L’Onasa a connu ses lettres de noblesse pendant la crise alimentaire des années 2007 et 2008. On se rappelle qu’en juillet 2008, le gouvernement béninois avait pris la décision d’installer des comptoirs de vente de produits vivriers de grande consommation (maïs, riz, sorgho…) dans les 77 communes du pays, à travers le Programme national des magasins témoins de l’Onasa. Ces comptoirs de vente étaient des « boutiques témoins (BT) », où la vente des produits vivriers se faisait à des prix référentiels. « L’installation de ces BT avait apporté un grand soulagement aux populations pauvres, surtout dans les régions reculées », confie Eléonore Gbétin, une mère de famille. Un succès, à tel point que les BT ont été reproduits dans des pays comme la Mauritanie, le Sénégal, la Guinée Conakry, le Togo, le Burkina Faso et le Mali.
Suppression de plusieurs offices dont l’Onasa
Malheureusement, avec les réformes entreprises depuis 2016 dans le secteur agricole, le gouvernement dirigé par le président Talon a procédé à la suppression de plusieurs offices dont l’Onasa. Les BT ont, du coup, fermé, et le personnel a été remercié.
Dans la crise actuelle de hausse de prix des denrées alimentaires de première nécessité, de nombreuses personnalités et experts béninois pointent du doigt cette suppression de l’Onasa. « La dissolution de l’Onasa est une erreur. Un pays d’eau, qui n’est pas capable de constituer six mois de réserve alimentaire pour nourrir ses enfants, c’est une faute lourde inadmissible et indéfendable, explique Simon Narcisse Tomèty, un universitaire et leader d’opinions béninois. Réformer ce n’est pas que liquider. C’est aussi restructurer pour garantir la continuité de l’offre de services publics alimentaires durant les périodes de disettes. On aurait pu restructurer au lieu de faire disparaître l’Onasa. C’est une faute lourde du gouvernement, surtout dans un contexte d’agriculture pluviale et de changements climatiques. »
« Les explications du gouvernement face à la hausse des prix des denrées de première nécessité sont d’une légèreté déconcertante », avoue, pour sa part, Sylvain Akindes, un ancien ministre de feu le président Mathieu Kérékou. L’éminent géographe et co-prix Nobel de la paix 2007, Michel Boko, se réfère, quant à lui, à ce qui se faisait au Bénin, dans un passé récent, et recommande la constitution des stocks, en suivant la politique qui a vu naître l’Onasa, et dont les résultats ont été salués aussi bien au plan national qu’international. Pour Boko, il est « urgent de concevoir une autre politique agricole, afin de mieux prévenir de telles situations ».

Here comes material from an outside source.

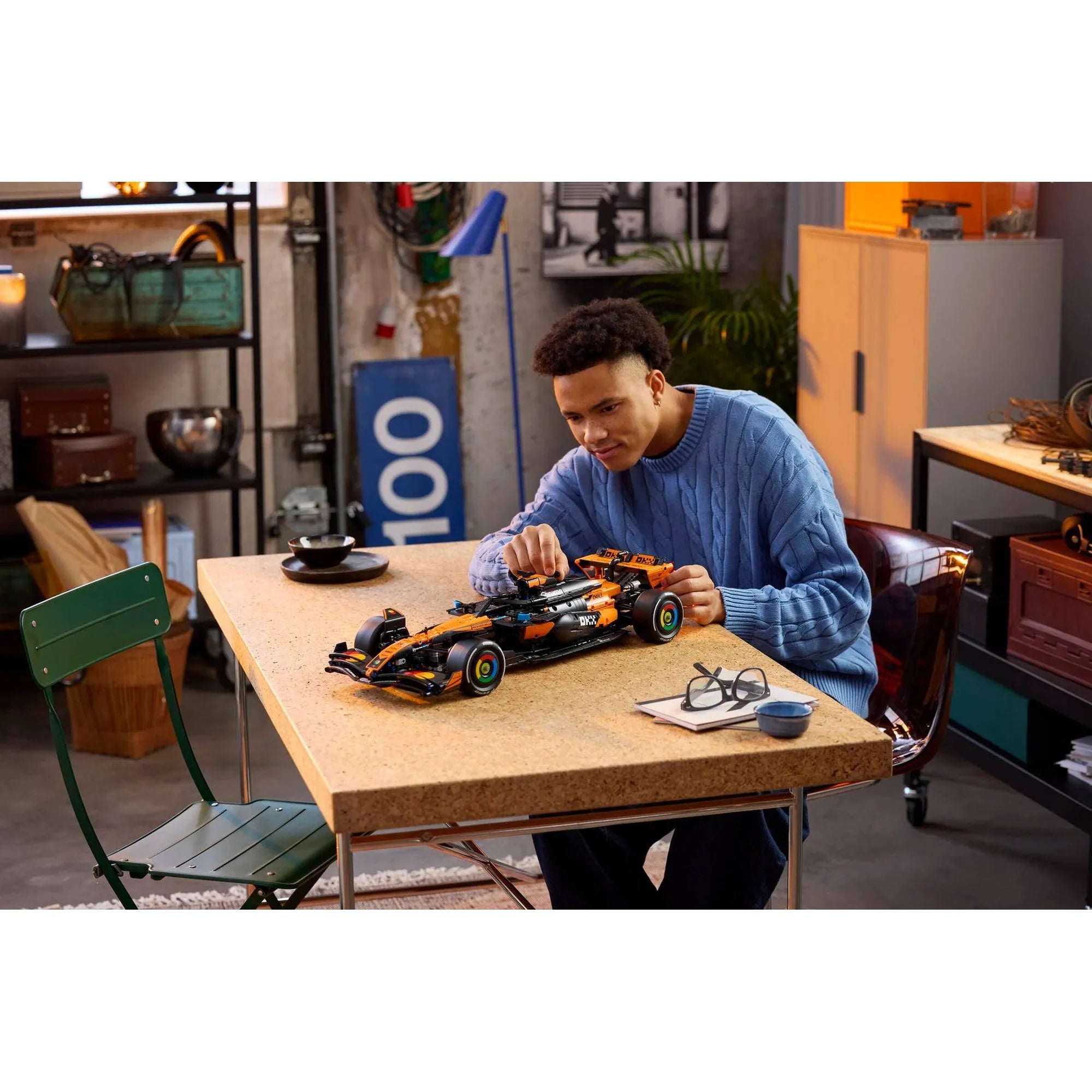 Felnőtt építi a LEGO Technic McLaren MCL39 F1 autó (42228) készletet egy asztalon, a megépített modell és alkatrészek társaságában.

« Détecter à temps les signaux annonciateurs »
En réaction à ces critiques, Wilfried Léandre Houngbédji estime que l’Onasa, tout comme la plupart des entités qui avaient été créées au Bénin, « était mal géré ». Selon lui, il n’était pas justifié que l’office soit maintenu. Il rappelle que le rôle de l’Onasa était de « constituer des stocks tampons pour venir sur le marché en temps de soudure ». Or, Michel Boko estime que la situation que traverse actuellement le Bénin « n’est pas une soudure ». Selon ses propos, la soudure « suppose que les produits ne sont pas disponibles ou le sont en très petites quantités et n’arrivent pas à satisfaire la demande ». Il apporte pour preuve les mérites de la politique agricole mise en œuvre depuis l’avènement du régime de la rupture.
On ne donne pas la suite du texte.